Despite months of reluctance to address the issue head on, Rachel Dolezal finally admitted in an on-air interview Monday to be being born a white woman. The former president of the Spokane chapter of the NAACP made an appearance on daytime televvision show "The Real" to argue that she should still be treated as a black woman, even though she is white. 

All of the show's panelists are women of color and appeared to be unconvinced by Dolezal's claim of black womanhood. Dolezal was the center of a national controversy this summer for arguing she was "transracial," which critics called cultural appropriation.

Panelist Jeannie Mai, who is black, told the ex-NAACP activist it was difficult for people to understand her rhetoric on race.
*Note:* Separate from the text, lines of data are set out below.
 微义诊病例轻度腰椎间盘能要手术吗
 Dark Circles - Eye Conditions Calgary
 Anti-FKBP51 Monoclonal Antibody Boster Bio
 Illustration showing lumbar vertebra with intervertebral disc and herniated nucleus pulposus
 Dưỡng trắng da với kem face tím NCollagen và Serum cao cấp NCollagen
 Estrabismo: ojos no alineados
“You weren’t born black, so when you say you are black, it makes it hard for people to understand where you’re coming from," Mai said.

It was Mai's blunt statement that led Dolezal to concede for the first time publicly that she is white. 
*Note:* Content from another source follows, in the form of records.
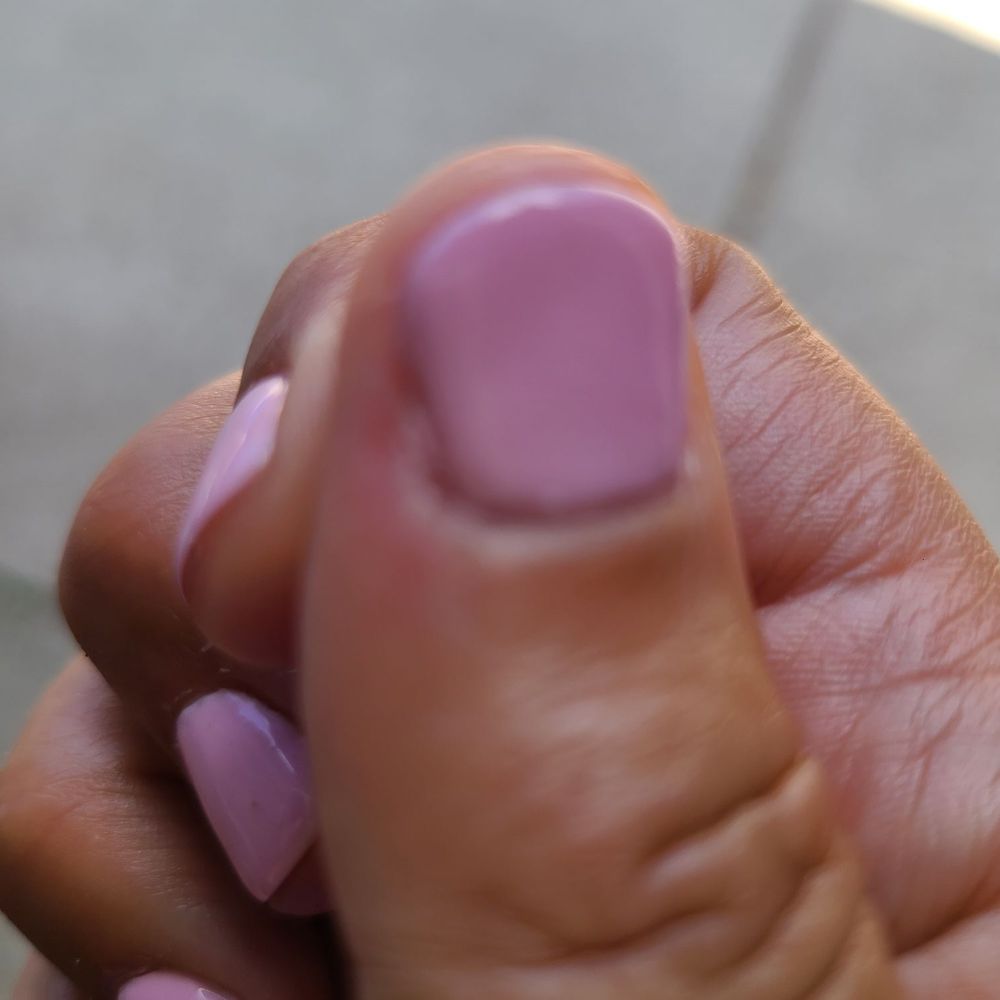 She clipped a whole layer of skin.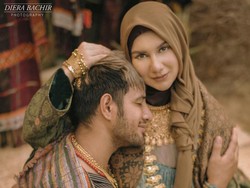 Terlalu Capai, Irish Bella Sempat Alami Pendarahan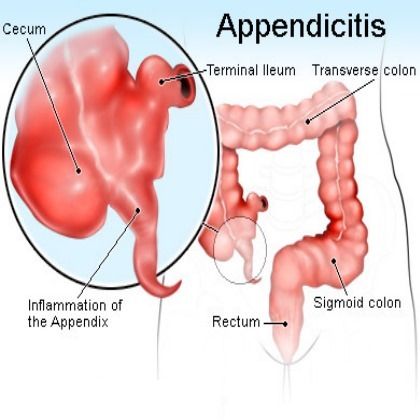 Remèdes naturels pour l'appendicite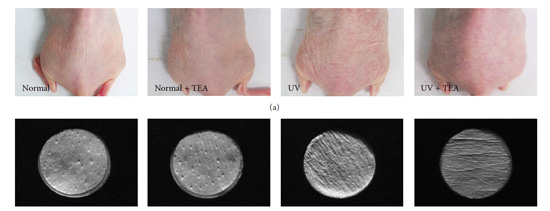 Images of UVB damage and protection from the study.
“Right, and that’s why I said, I acknowledge that I was biologically born white to white parents, but I identify as black,” said Dolezal.

The audience, in response, erupted into applause and gave her a standing ovation.

Dolezal's parents were the first to come forward with the truth about her background after a Spokane newspaper reporter contacted the family. Her parents told the International Business Times in June that their daughter long embraced black culture.

“It was very noticeable,” Larry Dolezal, her father, said. “She loved the black people and embraced black as beautiful.”

Her parents expressed their confusion about their daughter's claims. She once claimed she had a black father and lived in South Africa, where she hunted for food with a bow and arrow.

“I think at this stage, she firmly believes her lies,” said her mother, Ruthanne Dolezal. “This case with Rachel poses the question, is it OK to lie?”